453 F2d 857 United States v. Harris

453 F.2d 857

UNITED STATES of America, Appellee,
v.
Ulysses HARRIS, Appellant.

No. 71-1104.

United States Court of Appeals,
Eighth Circuit.

Dec. 29, 1971.

Daniel P. Reardon, St. Louis, Mo., for appellant.

Daniel Bartlett, Jr., U. S. Atty., Harry L. Strachan, Sp. Atty., Dept. of Justice, St. Louis, Mo., and Roger A. Pauley and Peter A. Chapin, Attys., Dept. of Justice, Washington, D. C., for appellee.

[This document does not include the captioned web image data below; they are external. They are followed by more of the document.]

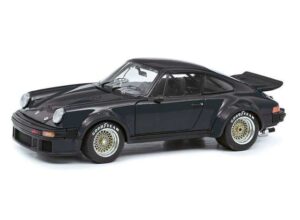 PORSCHE 911 934 RSR COUPE 1976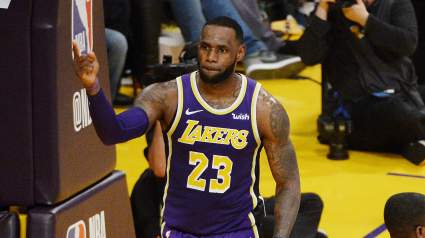 Lakers Mock Draft 2019: Lottery Results & Predictions for Each Pick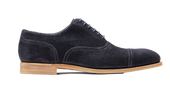Pullman Suede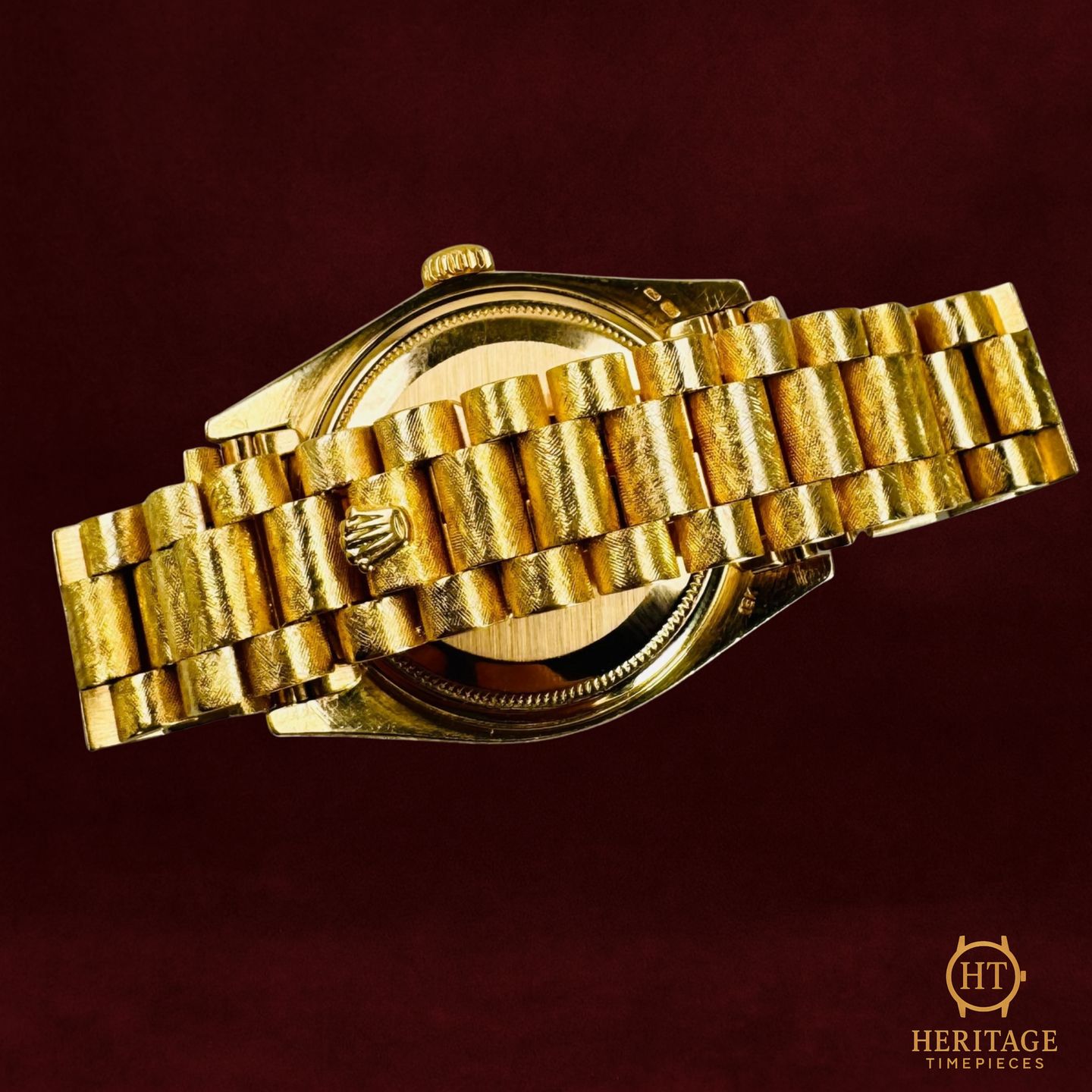 Rolex Day-Date 36 18038 - (7/8)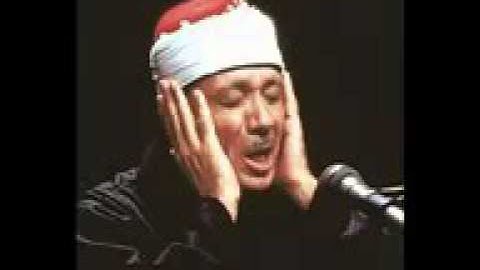 سورة النور (10-1) تجويد عبد الباسط رحمه الله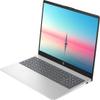 HP 15.6" LED Touchscreen Business Laptop Computer, 8GB RAM 512GB SSD, AMD Ryzen 5 7520U Processor, Windows 11 Pro Laptop with Microsoft Office Lifetime Suite, SageNova Earphones, Silver view 2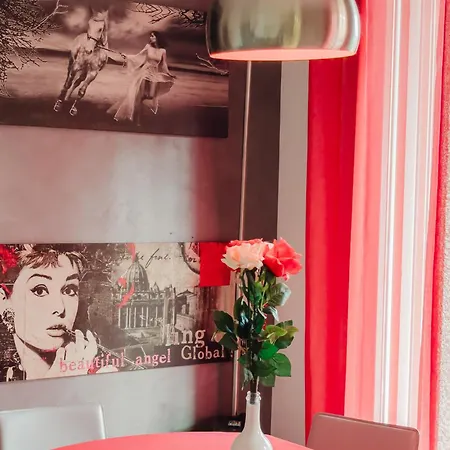 La Primula By Quokka 360 - Flat Outside The Of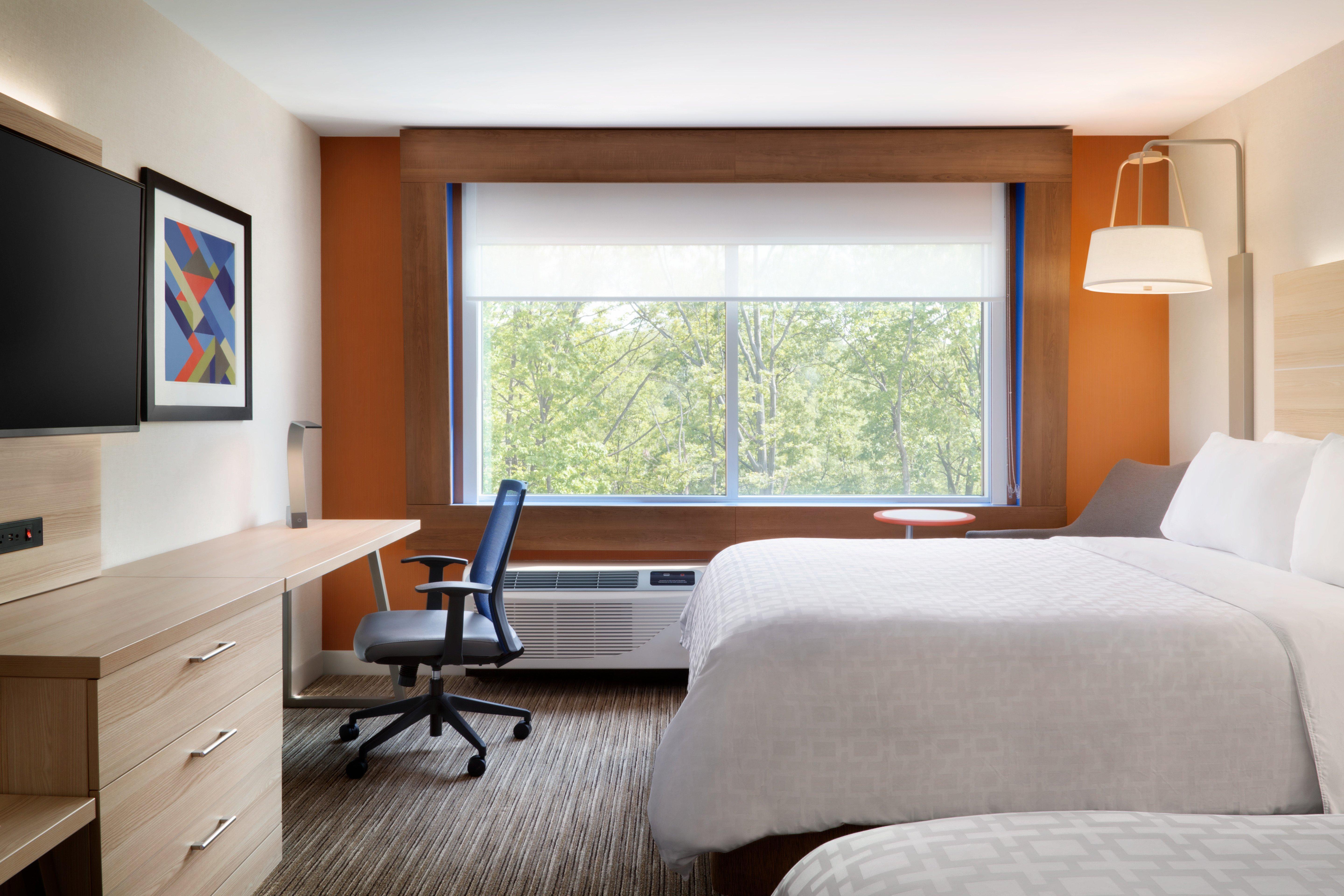 Holiday Inn Express & Suites - Kokomo South By Ihg Εξωτερικό φωτογραφία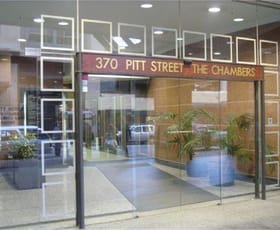 Offices commercial property leased at 370 Pitt Street Sydney NSW 2000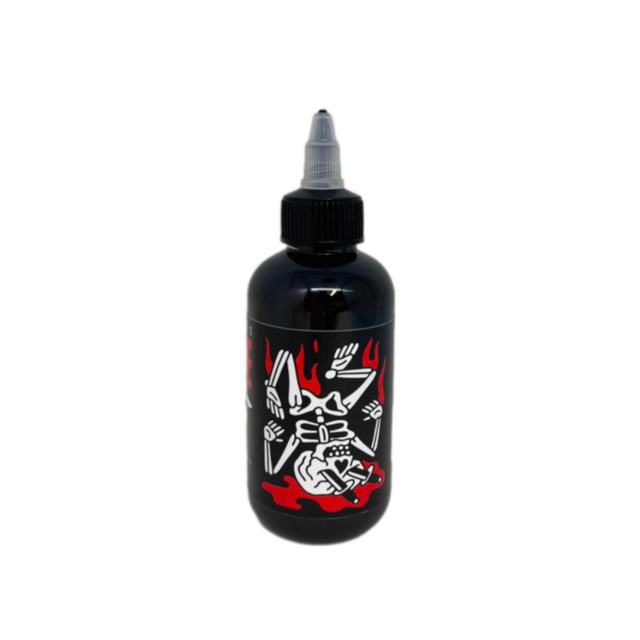 Vice Colors Künstlerfarbe - Light (150 ml) - NICHT FÜR MENSCHLICHE HAUT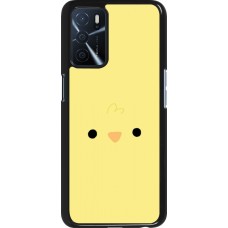 OPPO A16s Case Hülle - Easter 2026 Little chicken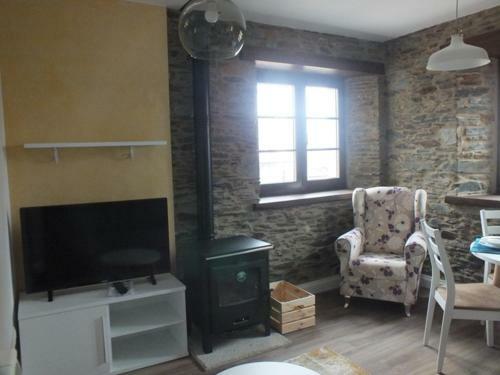 Apartamentos Puerta Del Castro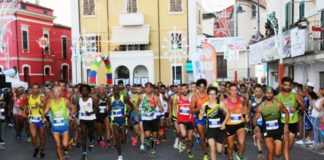 “Miglianico Tour”, oltre 800 podisti in gara per la 49esima edizione. Ecco i vincitori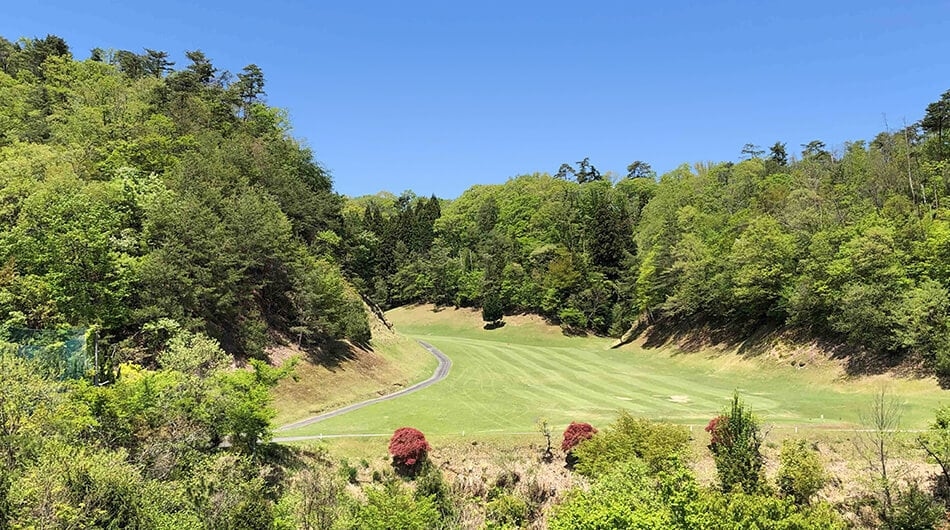 Golf Course Thumbnail 1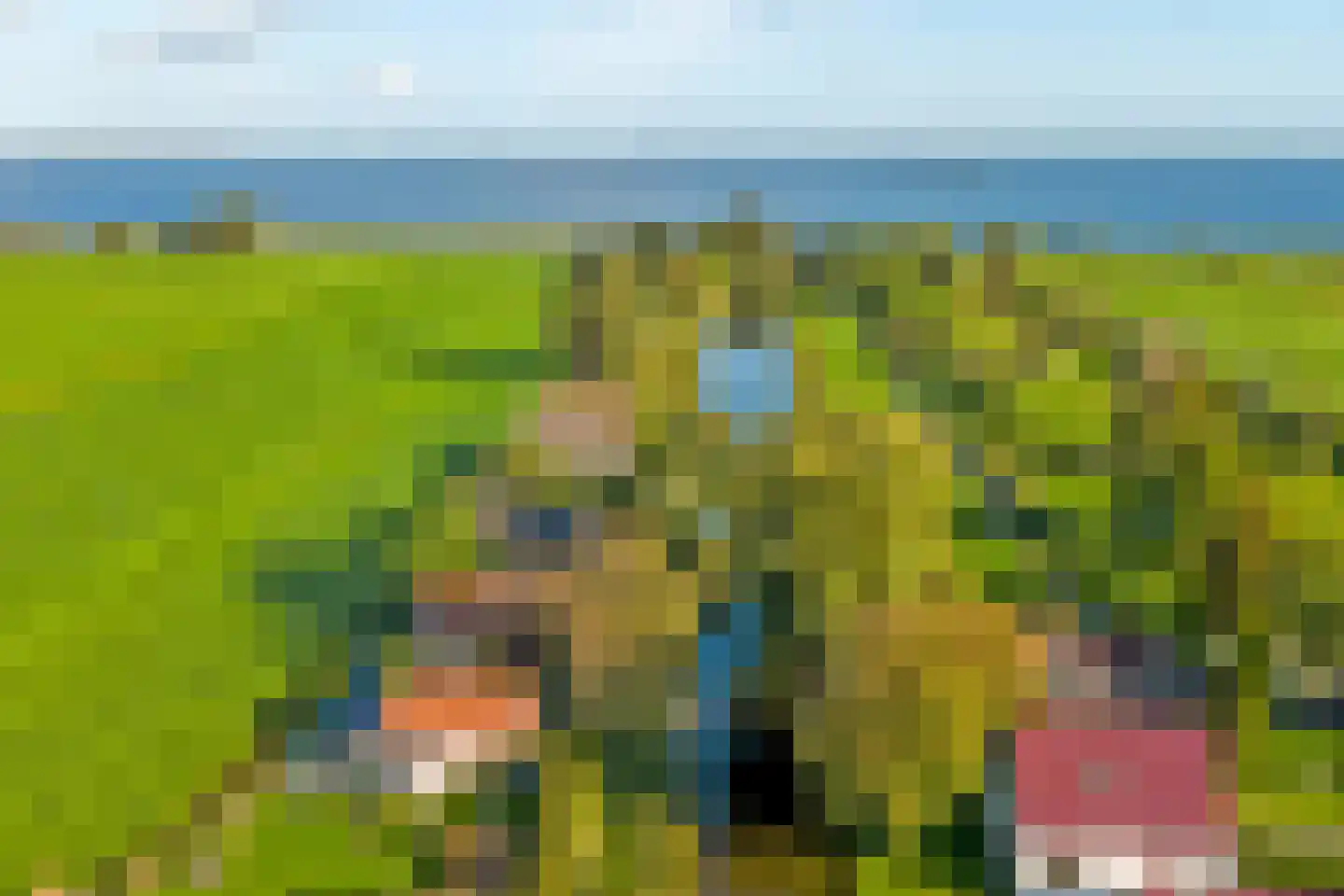 Meerpad 13 Echten thumbnail 4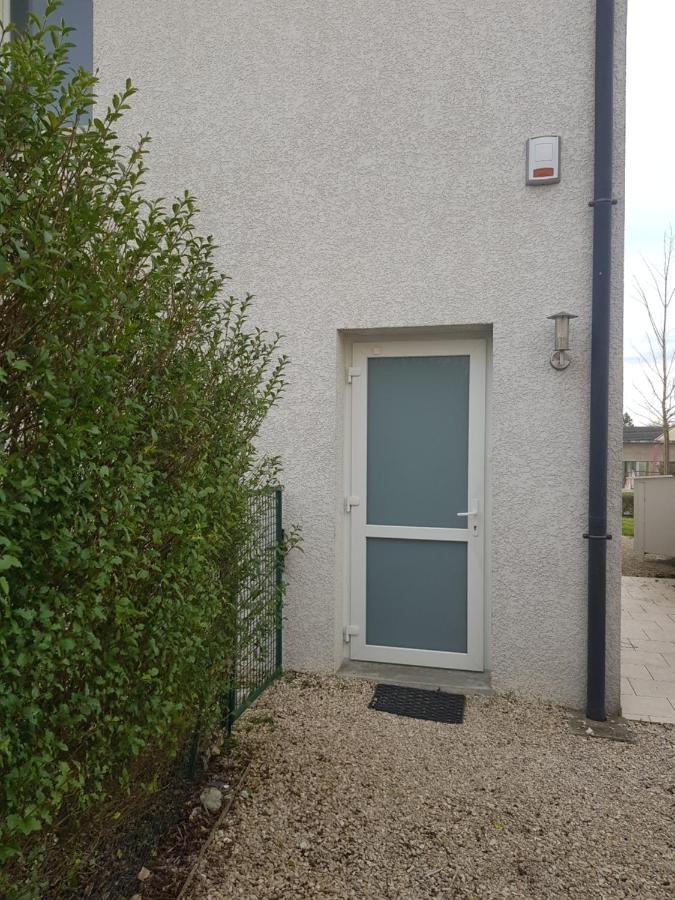 L Atelier Courtisols Exterior foto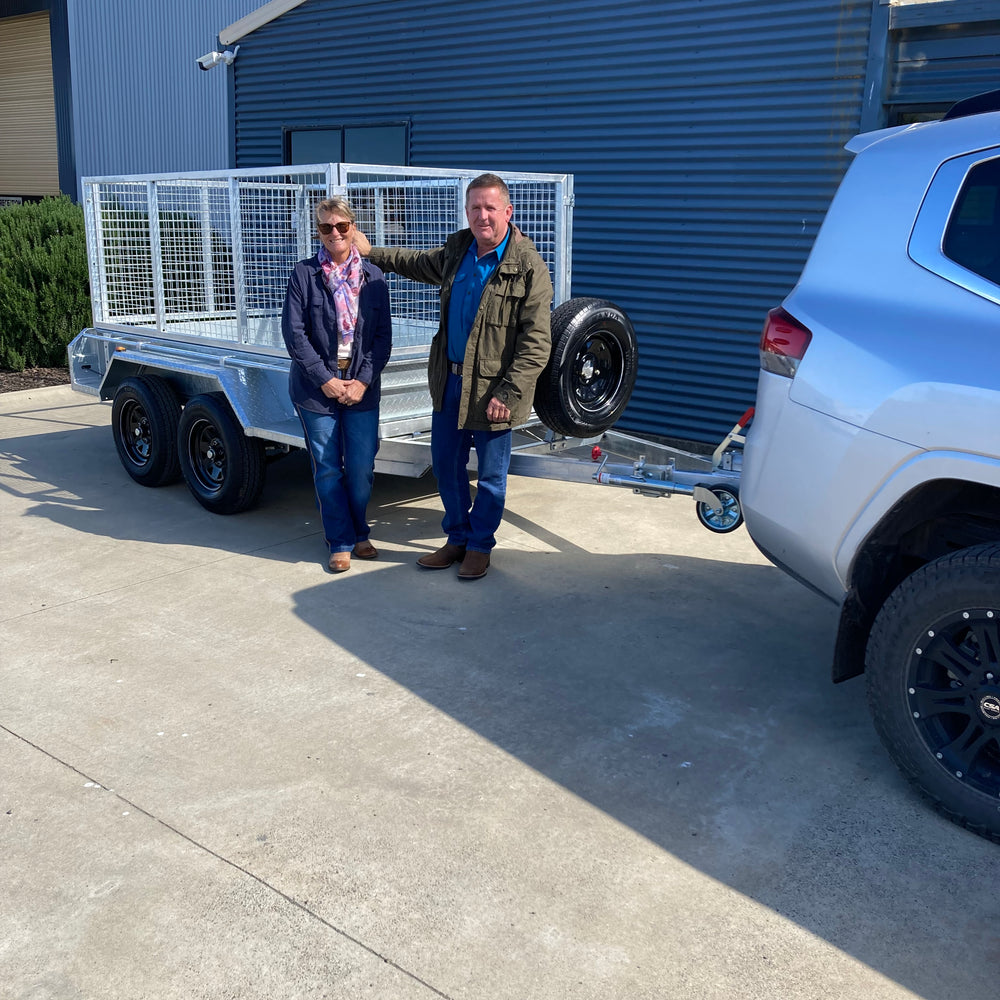 
                  
                    2007 Avan The Erin Mk2 17.5ft
                  
                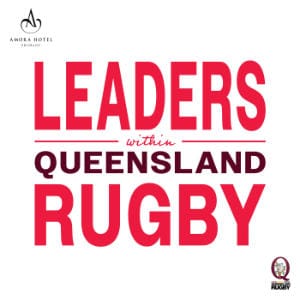 Leaders Within Queensland Rugby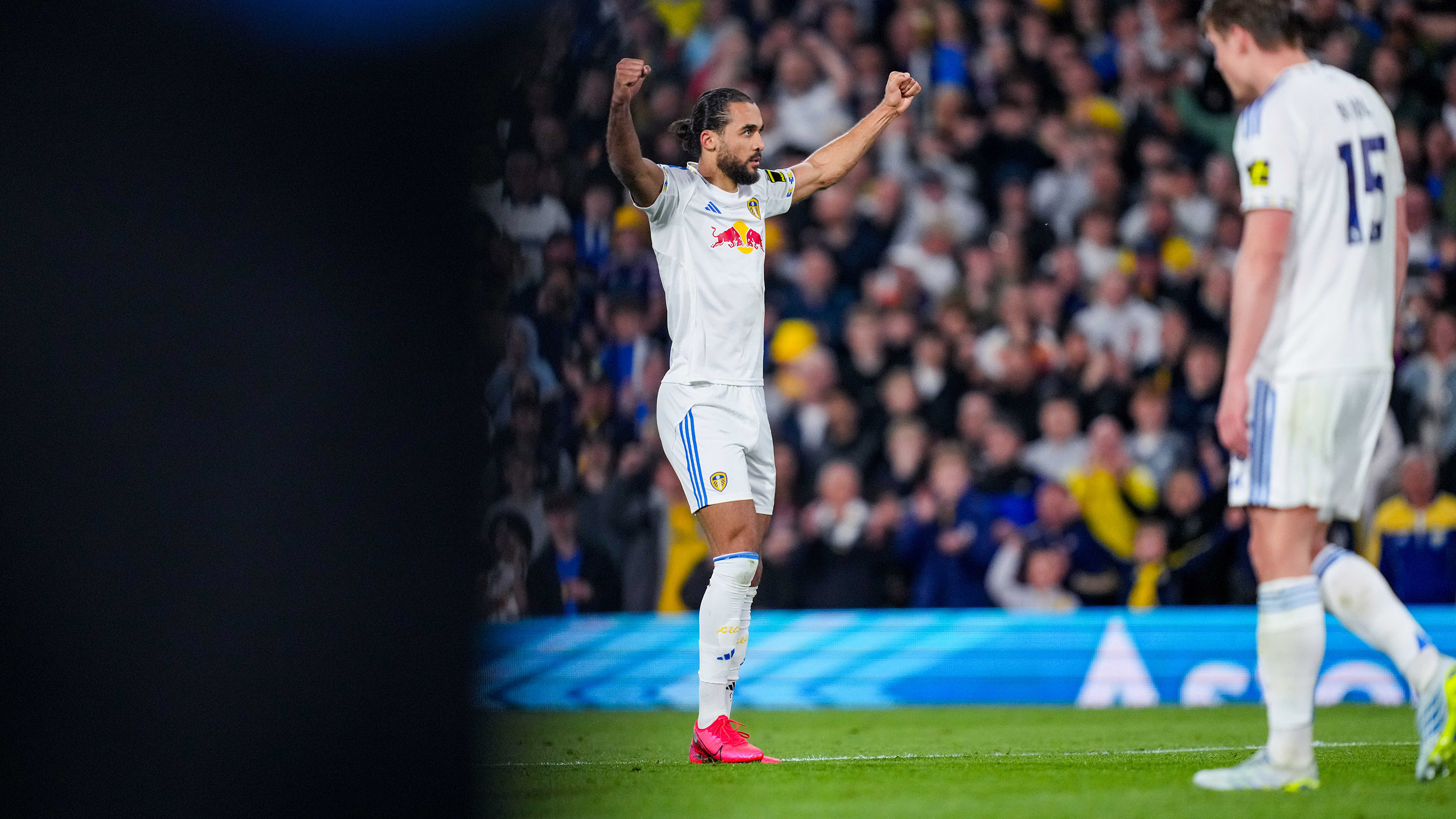 DCL COVER vs Burnley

Before GIBSON, BRIGHT and ROSS, Circuit Judges.

PER CURIAM.

1

This is an appeal from the conviction of Ulysses Harris under a single count indictment charging him with willfully and knowingly possessing "a firearm, a J. C. Higgins 16 gauge shotgun, after having been convicted of a felony by a court of the United States." We reverse the judgment of conviction.

2

Agents of the U. S. Treasury Department went to the home of Harris on September 1, 1970, to question Harris concerning the purchase of .32 caliber pistol ammunition. The agents were aware that Harris had purchased the ammunition and that prior thereto, he had been convicted in federal court on a felony charge of the sale and delivery of a depressant or stimulant drug. Prior to questioning Harris, Agent Anderson advised Harris of his right to remain silent, that anything he said could be used against him in court, that he had a right to counsel, including the right to have counsel appointed if he could not afford one, and of his right to stop the questioning at any time. Anderson asked if he wished to answer questions, and Harris responded that "Maybe I better consult my attorney before I sign this." Anderson agreed to this procedure, but then Harris stated: "Well, wait a minute. Am I charged with a crime?" Anderson said he was not, that he wasn't under arrest and that Anderson did not intend to arrest him unless "something unforeseen comes up. I do wish to ask you some questions about what you may or may not have done." Harris then signed the waiver and talked to Anderson.

3

It then developed that Harris had purchased the .32 caliber ammunition on February 22, 1970, for a Luger pistol, but since the .32 caliber ammunition would not work in the Luger pistol, Harris had disposed of it. Anderson asked Harris if he owned any other guns and Harris admitted owning a 16 gauge shotgun which he showed to Anderson. Anderson then advised Harris that possession of a shotgun by a convicted felon was in violation of the Omnibus Crime Control Act of 1968 and confiscated the weapon. Harris was then indicted as heretofore set forth.

4

On appeal, Harris raises two issues. The first is that he was convicted solely on self-incriminating evidence elicited in violation of his rights under the fifth amendment. This issue is clearly without merit. Harris was properly warned, considered and then rejected the idea of consulting an attorney, signed the waiver form, admitted owning the shotgun and voluntarily produced it.

5

The second point raised by Harris on appeal is that the Government failed to allege and prove that his possession of the gun was in or affected commerce as required by 18 U.S.C. Appendix, Sec. 1202(a). This question has recently been determined by the Supreme Court in the case of United States v. Bass, 404 U.S. 336, 92 S.Ct. 515, 30 L.Ed.2d 488 (1971). In that case, the Supreme Court determined that under the statute it is necessary to show a nexus with interstate commerce with respect to all three of the offenses set forth in the statute.

6

In this case, the Government, relying on prior decisions of this Circuit and others, did not show any nexus with interstate commerce in connection with the possession of the shotgun by Harris.

7

For this reason, the judgment of conviction is reversed and the case remanded with instructions to enter a judgment of acquittal. Mandate shall issue forthwith.